Phosphatidylinositol 3-phosphate induces GLUT4 externalization in Munc18c–/– adipocytes. Given that we could not exclude the possibility that the insulin signaling pathway that is operative at 1 nM hormone and is insensitive to 100 nM wortmannin might also be required for GLUT4 externalization, we reconstituted the exocytosis of GLUT4-containing vesicles without insulin. The insulin-induced formation of phosphatidylinositol 3-phosphate (PI3P), which is mediated by the activation of TC10, is resistant to 100 nM wortmannin (23); PI3P was recently shown to trigger the movement of GLUT4-containing vesicles to the plasma membrane, but not glucose transport, in insulin-responsive cells (23). Exogenous delivery of PI3P with a polyamine carrier induced GLUT4 movement to the cell periphery in approximately 40–50% of Munc18c+/+ or Munc18c−/− adipocytes (Figure 12, A and B). However, PI3P also induced GLUT4 externalization in Munc18c−/− adipocytes but not in wild-type cells (Figure 12, A and C). Thus, a large proportion (approximately 80%) of GLUT4 molecules that were translocated to the cell periphery in Munc18c–/– adipocytes in response to PI3P was externalized in the absence of insulin (Figure 12D). These results suggest that the insulin-induced formation of PI3P is sufficient to trigger both the translocation of GLUT4-containing vesicles to the cell periphery and their fusion with the plasma membrane in the absence of Munc18c.
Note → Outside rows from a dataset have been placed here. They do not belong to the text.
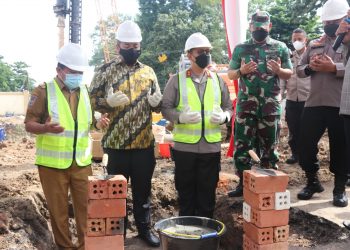 Gubernur dan Kapolda Jambi serta pejabat lainnya saat pelatakan batu pertama pembangunan gedung di area Polda Jambi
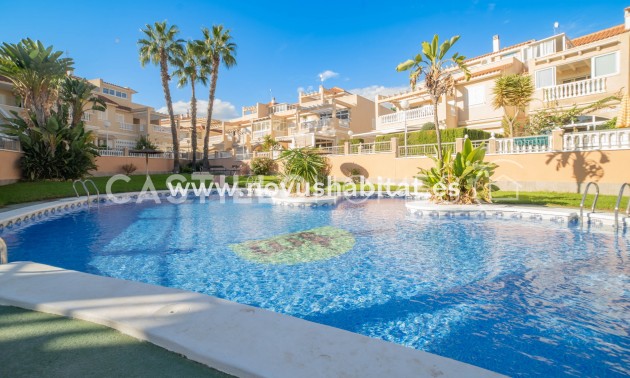 Raðhús - Endursala - Orihuela Costa - La Zenia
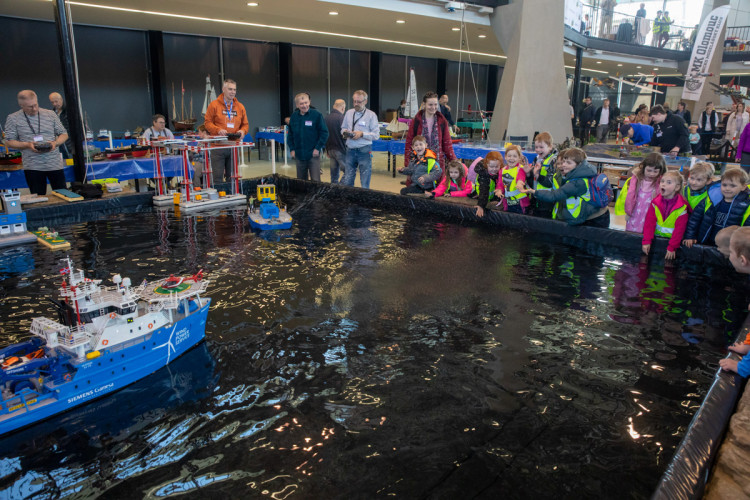 FOTOGALERIE: Výstava For Model v Olomouci odstartovala s novinkami i unikátními exponáty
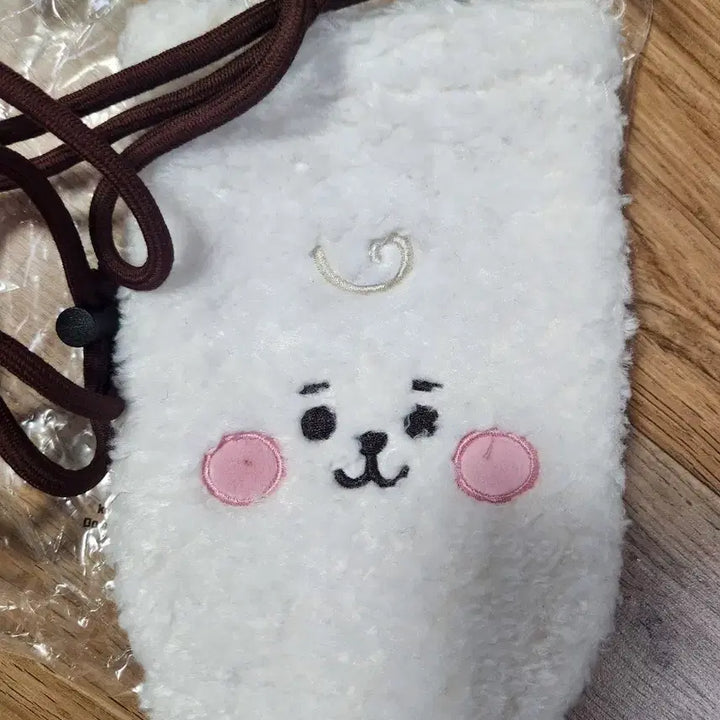 [BUNJANG] BT21 RJ Fuzzy Mini Crossbody Bag / BT21 RJ 털 뽀글이 미니크로스백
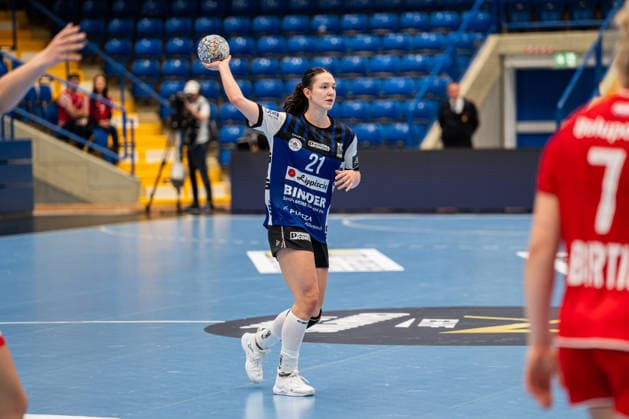 HSG Blomberg Lippe GER vs. HC Podravka CRO, Handball, EHF Champions League Women, Group Stage, October 3, 2026, 2026–2027 Season, Lemgo: Nuria Bucher of HSG Blomberg Lippe, 21, building up play at the Lemgo Phoenix Contact Arena in Germany
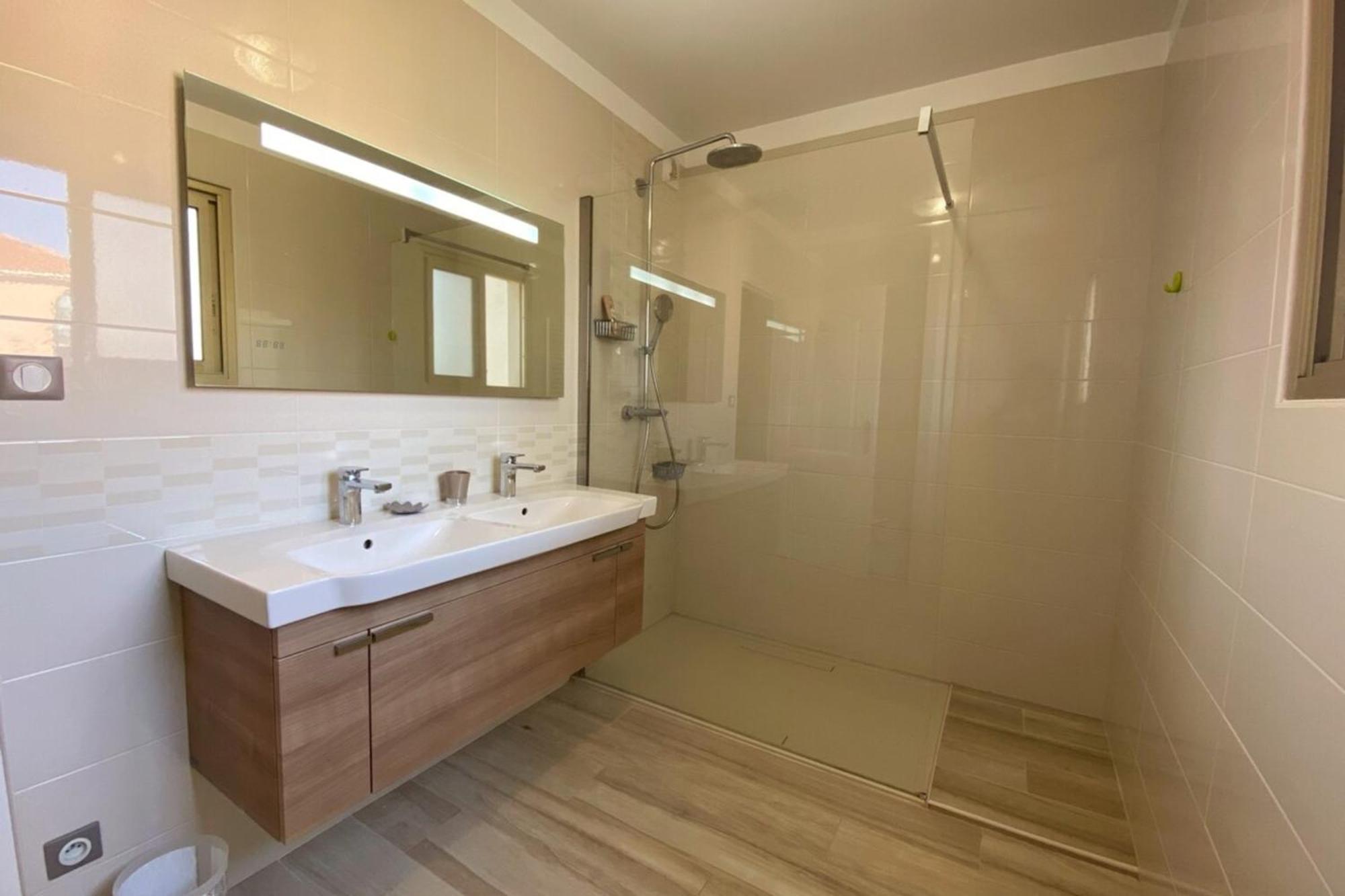 Casamea - Spacieux, Terrasse, Clim, Parking * Ajaccio (Corsica)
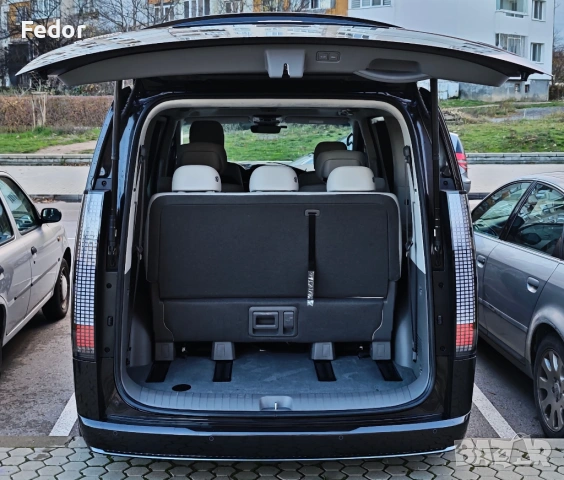 Продавам Hyundai Staria Premium 4x4 2.2 6+1, снимка 11 - Автомобили и джипове - 53395434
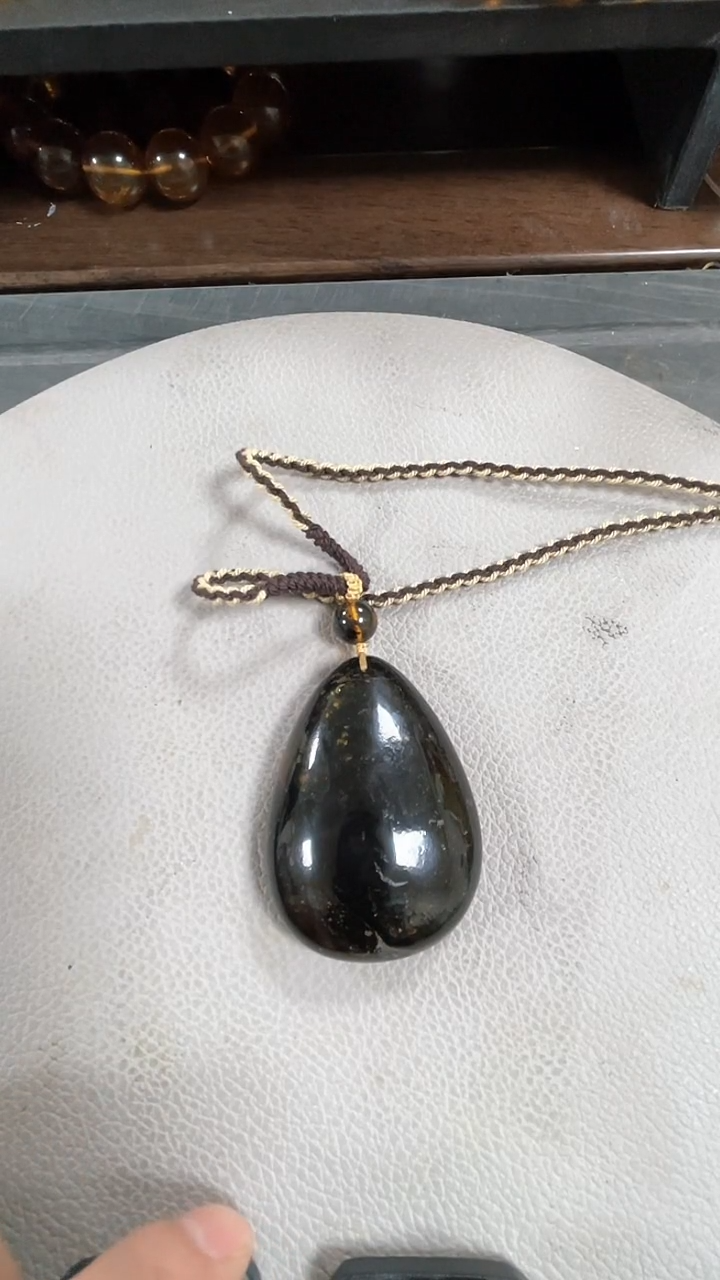 【闪购商品】琥珀裸石未镶嵌收藏级翁珀吊坠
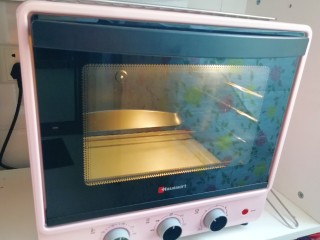 9、香蕉蔓越莓司康,烤箱上下管170度预热。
PI3P-induced externalization of GLUT4 in Munc18c−/− adipocytes. (A) Munc18c+/+ or Munc18c−/− adipocytes expressing GLUT4-myc7-GFP were exposed for 7 minutes to a mixture of PI3P and polyamine carrier or to the carrier alone and were then analyzed as described in Figure 8A. Scale bar: 10 &––––m. (B–D) Quantitation of GLUT4 movement to the cell periphery (B), of GLUT4 externalization (C), and of the proportion of GLUT4 molecules translocated to the cell periphery that undergo externalization (the percentage of cells with peripheral GFP fluorescence that also show surface PE fluorescence) (D) in experiments similar to that shown in A. Data are mean ± SE of values from 3 independent experiments. *P < 0.01, **P < 0.001 versus the corresponding values for Munc18c+/+ cells.